◆ **AIM OF THE TASK**
Retype each line of the material below word for word; pictures stay out.

◆ **INFORMATION PROVIDED**
* * *

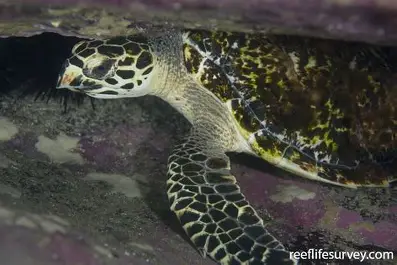 <p>hunted by poachers for its shell; prefers tropical, isolated beaches; specializes in feeding in coral reefs</p>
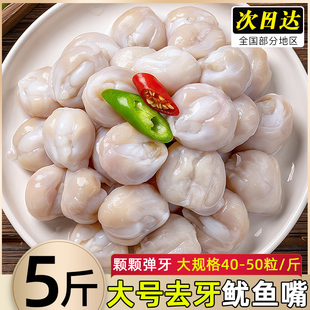 新鲜鱿鱼嘴去牙冷冻目鱼嘴大号墨鱼嘴嚼劲乌贼嘴烧烤商用批发整箱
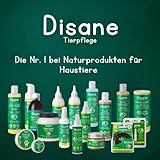 DISANE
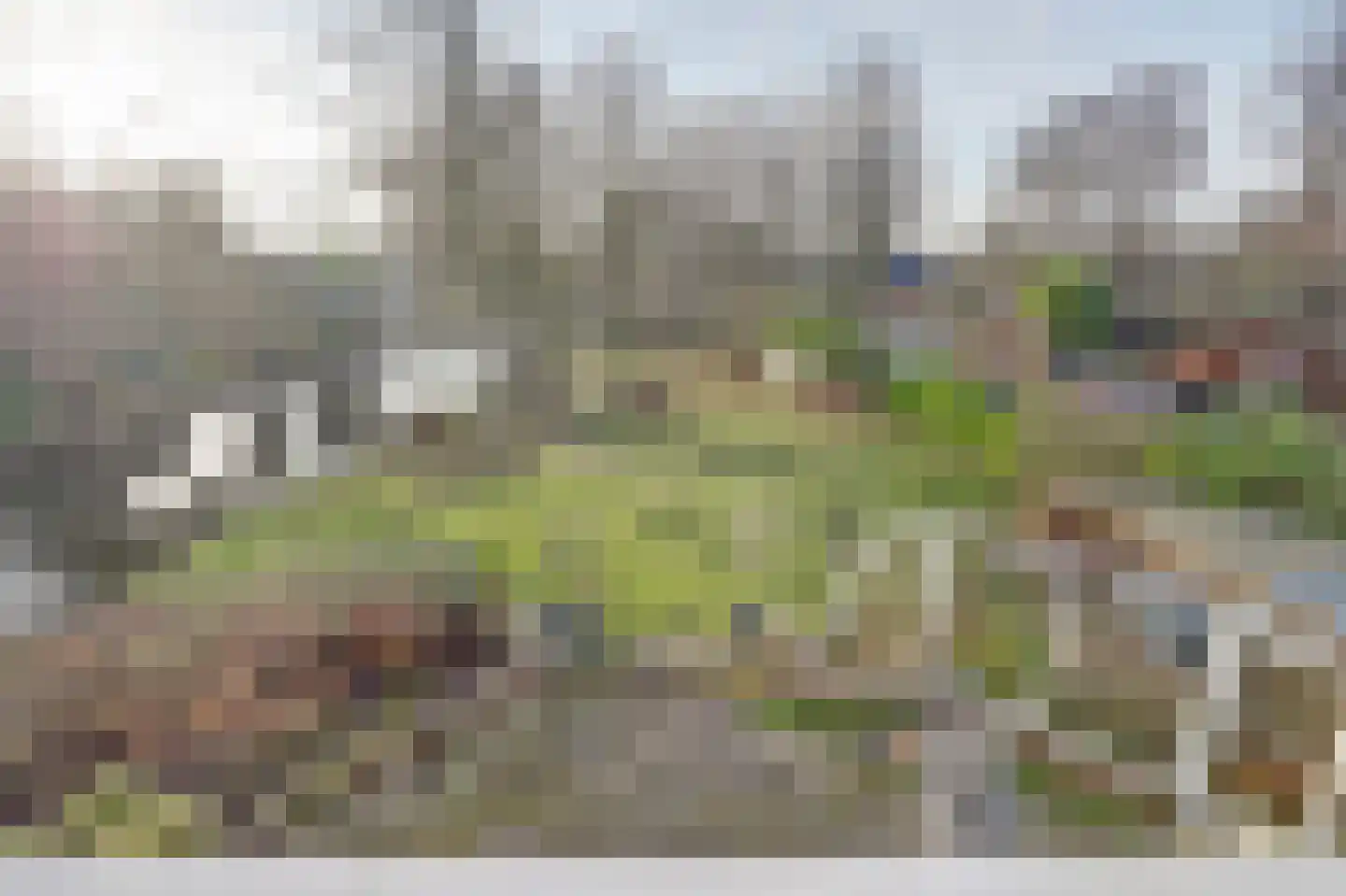 Sperwer 15 Zuid-Scharwoude thumbnail 37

* * *

◆ **OUTPUT FOR THIS EXERCISE**
 <p>hunted by poachers for its shell; prefers tropical, isolated beaches; specializes in feeding in coral reefs</p>
 新鲜鱿鱼嘴去牙冷冻目鱼嘴大号墨鱼嘴嚼劲乌贼嘴烧烤商用批发整箱
 DISANE
 Sperwer 15 Zuid-Scharwoude thumbnail 37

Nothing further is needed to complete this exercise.